Der Druck beginnt mit den Daten. Russlands Geburtenrate schrumpft seit einem Jahrzehnt und verleiht Ideen neue Dringlichkeit, die früher noch unglaubwürdig geklungen hätten. Daten von Rosstat zeigen, dass die zusammengefasste Geburtenziffer des Landes 2025 auf 1,374 sank, nach 1,4 im Jahr zuvor und weit unter dem Bestandserhaltungsniveau.

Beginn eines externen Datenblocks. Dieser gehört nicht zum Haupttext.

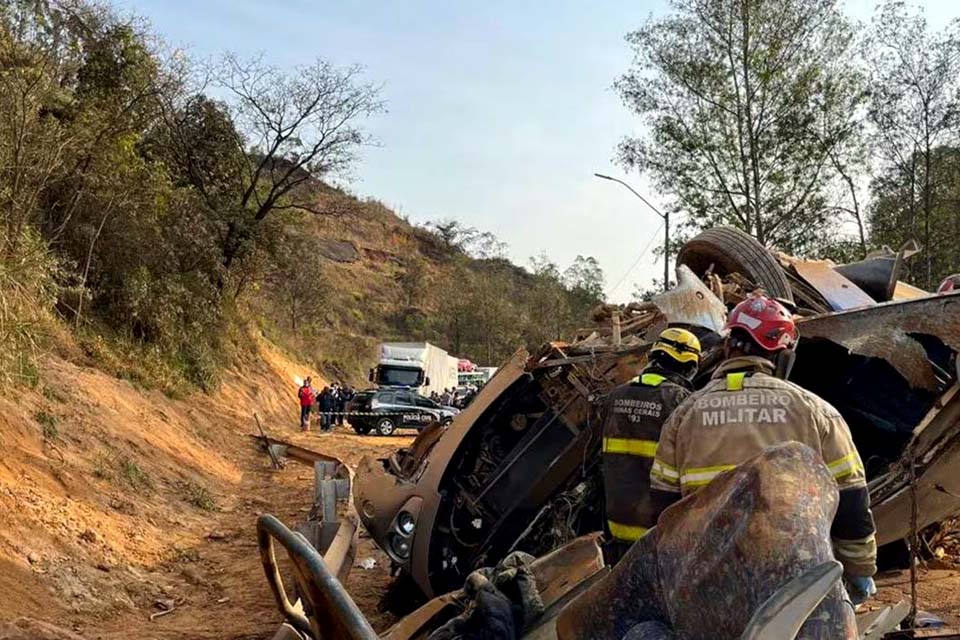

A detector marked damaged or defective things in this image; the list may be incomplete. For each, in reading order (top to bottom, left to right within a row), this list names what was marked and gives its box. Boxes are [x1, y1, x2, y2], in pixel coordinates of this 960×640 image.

rusted metal wreckage [258, 228, 960, 636]
wrecked vehicle [352, 229, 960, 600]
overturned car [356, 228, 960, 604]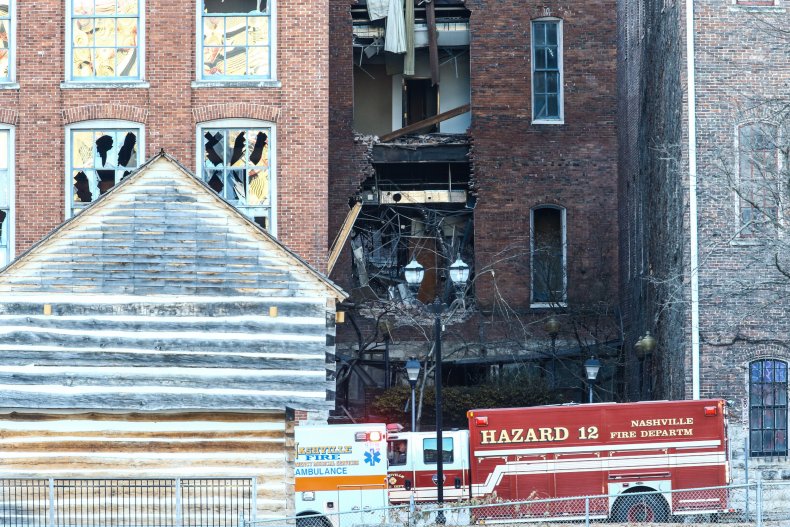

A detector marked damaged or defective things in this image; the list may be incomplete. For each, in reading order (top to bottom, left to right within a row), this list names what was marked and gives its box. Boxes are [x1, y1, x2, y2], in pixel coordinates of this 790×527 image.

broken window [69, 0, 142, 80]
broken window [201, 0, 272, 79]
broken window [532, 19, 564, 122]
shattered glass [71, 130, 139, 206]
broken window [68, 122, 142, 216]
damaged brick wall [3, 0, 332, 270]
broken roof edge [2, 151, 350, 304]
broken window [200, 122, 274, 233]
broken window [532, 206, 568, 306]
broken window [740, 121, 784, 237]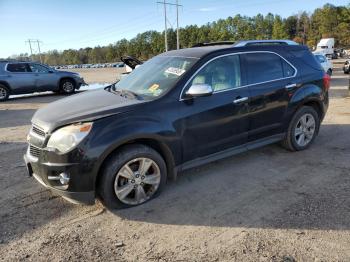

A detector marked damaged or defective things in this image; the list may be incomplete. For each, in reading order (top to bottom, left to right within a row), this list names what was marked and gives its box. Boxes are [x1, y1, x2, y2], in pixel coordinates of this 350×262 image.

damaged suv [23, 42, 328, 208]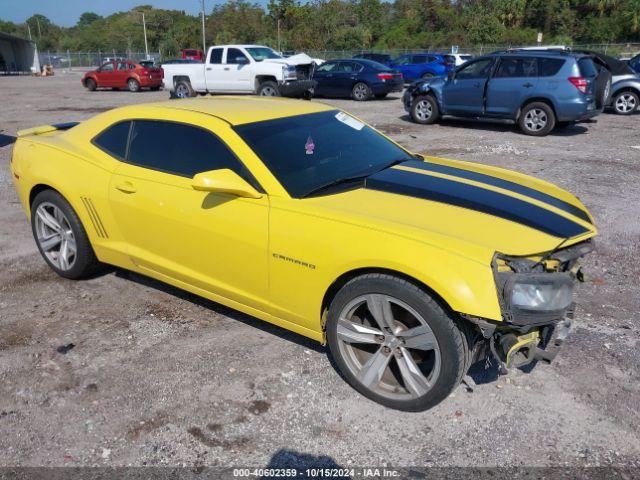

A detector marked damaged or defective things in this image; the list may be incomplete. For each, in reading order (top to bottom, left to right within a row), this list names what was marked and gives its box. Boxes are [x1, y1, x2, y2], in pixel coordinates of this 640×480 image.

damaged vehicle [162, 44, 318, 98]
damaged vehicle [10, 98, 596, 412]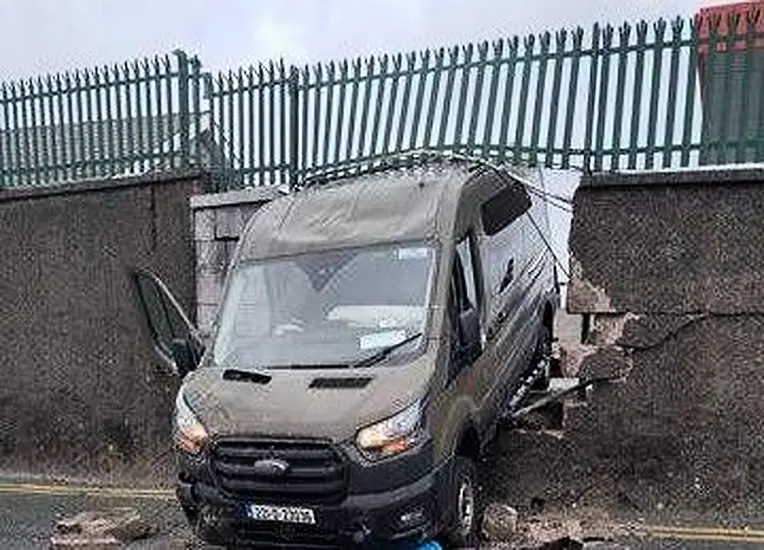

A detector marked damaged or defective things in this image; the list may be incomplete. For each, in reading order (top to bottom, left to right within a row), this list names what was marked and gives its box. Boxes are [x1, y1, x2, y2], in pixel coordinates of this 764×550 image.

damaged van roof [237, 163, 478, 262]
cracked windshield [212, 244, 436, 368]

Das unabhängige Medium The Moscow Times berichtet, dass die Behörden aufgehört haben, die detaillierten monatlichen Geburtenzahlen zu veröffentlichen, die früher routinemäßig publiziert wurden. Die jüngsten öffentlich verfügbaren Zahlen weisen für 2024 insgesamt 1,222 Millionen Geburten aus – ein Niveau, das seit etwa 25 Jahren nicht mehr erreicht wurde und rund ein Drittel unter dem von vor zehn Jahren liegt.

Präsident Wladimir Putin hat darauf reagiert, indem er die Russinnen und Russen dazu aufrief, große Familien wiederzubeleben, und dabei häufig Bilder vorsowjetischer Haushalte mit acht oder mehr Kindern beschwor.

Zielscheibe Bildschirme

Vor diesem Hintergrund testen einige Gesetzgeber invasivere Ideen. Die Duma-Abgeordnete Tatjana Butskaja, die ihr Profil rund um Familienschutz und pronatalistische Gesetzgebung aufgebaut hat, schlug vor, den Zugang zu Erwachsenenseiten für Menschen ohne Kinder zu beschränken.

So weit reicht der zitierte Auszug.